America's representation wasn't limited to just the one Caddy, team Full Clip brought out a C5 Corvette that really tore it up!
This year's competition was a singles comp instead of the usual team competitions. In the end, Rich Whiteman was the winner in his JZX100. Later in the day he proved why he deserved that victory after doing a full lap with his hood up when his latch failed after the second corner.
After the competition runs, I lurked through the vendor area to see what they had for booth cars and what I could buy that'd fit in my carry on. The selection of booth cars was pretty exceptional, featuring a 180SX Type X look S13 on double staggered TE37s and one of the Breaking FD3S!
Of all the cars of the event, the car with the strongest aura was Jake's S14. Losing him sent a shockwave through the US drifting scene that was felt by everyone. Seeing his car in perfect order and on display was both heartwarming and heartbreaking. Having his car traveling to events is a wonderful tribute.
As the sun set, and golden hour died down, the late night throw down started to heat up.
I've never shot a night event so it was a steep learning curve. I was stoked to get some decent shots! All digital though since I could do a lot more live experimentation.
It seems like a pain to get right, but Subaru drift cars are such a cool concept and I hope someone develops parts to make it easier. This example's screaming 1JZGTE didn't exactly make for an easy conversion either.

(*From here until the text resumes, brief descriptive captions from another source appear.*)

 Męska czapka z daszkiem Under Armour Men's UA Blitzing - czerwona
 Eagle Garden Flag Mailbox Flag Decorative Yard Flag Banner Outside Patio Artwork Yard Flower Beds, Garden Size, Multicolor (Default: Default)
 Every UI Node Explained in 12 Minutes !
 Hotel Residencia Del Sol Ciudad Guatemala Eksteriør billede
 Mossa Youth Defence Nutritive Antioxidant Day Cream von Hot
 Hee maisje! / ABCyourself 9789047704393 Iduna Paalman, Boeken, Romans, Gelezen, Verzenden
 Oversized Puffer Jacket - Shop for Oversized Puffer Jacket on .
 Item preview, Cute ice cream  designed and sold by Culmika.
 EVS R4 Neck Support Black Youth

Something about drifting at night makes it even more fun to watch.
The night time matsuri extended all the way to 11pm and just being in the sun and heat all day as a spectator was tiring, I imagine the drivers were all beat! I definitely want to shoot another night event some time. Although I might have been spoiled with this being the first I shot.
The next day all the pressures of competition were off and it was full force party drifting.
My favorite part of the event was seeing the variety of styles on display in vehicle choice, design aesthetic, and driving style. The power figures and chassis modifications were all over the map and the show each driver gave felt personalized. No two drivers attacked the course exactly the same.
The old school Toyota crowd gave an experience their turbo or V8 equipped companions couldn't match; those screaming induction noises! Hearing them coming was all bark and watching them go was an angry buzz.
The best part about day 2 was the tandem trains.
Everyone seemed especially excited for the chance to get door to door with the Sexy Knights guys.
It was so cool seeing drivers I idolized driving together and giving it their all.
I can't handle my love for this S13.
I took a quick break from the on track stuff, mainly to drink water and sit out of the sun for a minute, and took a peek at some of the spectator cars. I definitely suggest giving the parking lots of events like this a scan because there's always cool gems tucked away.
Back in the pits you could see the toll driving all-out takes on a car. Throughout the day cars were filtering in for repairs as parts gave out and the mad dash to replace and repair before the event ended began.
I'll never recover from how cool this ER34 was.
There were so many Japanese market cars in attendance, you almost stopped noticing which side the driver sat on.